La Wallonie à la traîne

Seconde explication au décalage entre particuliers et professionnels en matière d’électrification, les freins à l’achat demeurent nombreux. Selon une enquête commandée par BNP Paribas Fortis, le prix demeure le critère le plus limitant devant l’autonomie et les éléments relatifs à la recharge (voir ci-contre). Plus d’un tiers des Belges interrogés indiquent par ailleurs ne jamais vouloir passer à une voiture électrique ou hybride, une hostilité particulièrement vive chez les plus de 55 ans (42%).

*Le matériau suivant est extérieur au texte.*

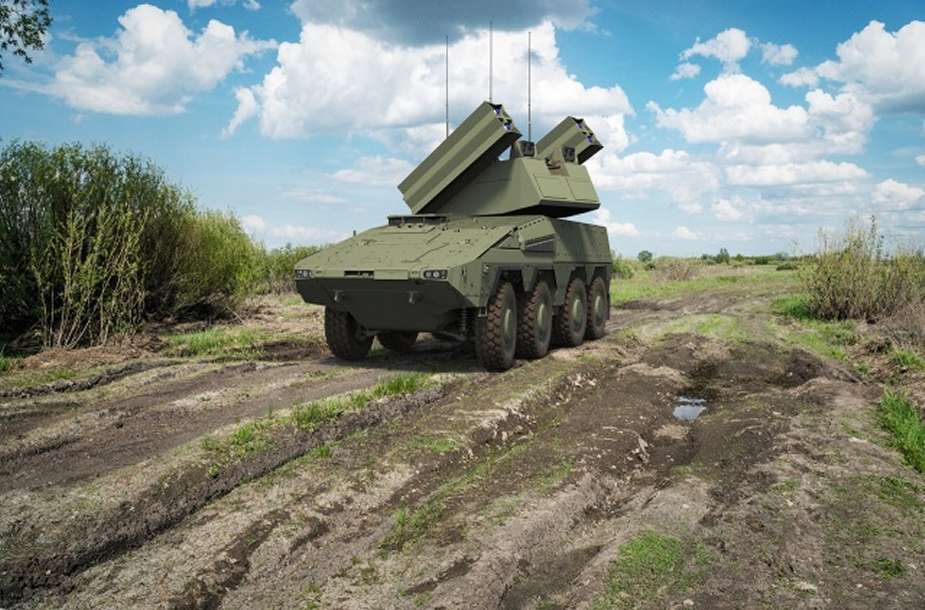 ArmyRecognition's tweet image. #German GTK #Boxer to serve as base for multiple short-range #missilesystem #airdefense 
armyrecognition.com/defense_news_s…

Cette méfiance transparaît aussi dans les principaux motifs de passer à une voiture verte: obligation légale (53%) et fiscalité (36%).

Le verdissement des voitures de société doit notamment contribuer à rendre la voiture électrique plus abordable en développant le marché de l’occasion, privilégié par les particuliers. Ces derniers possèdent en effet 77% du parc automobile belge, mais ne représentent qu’un tiers des achats de voitures neuves, selon la Febiac.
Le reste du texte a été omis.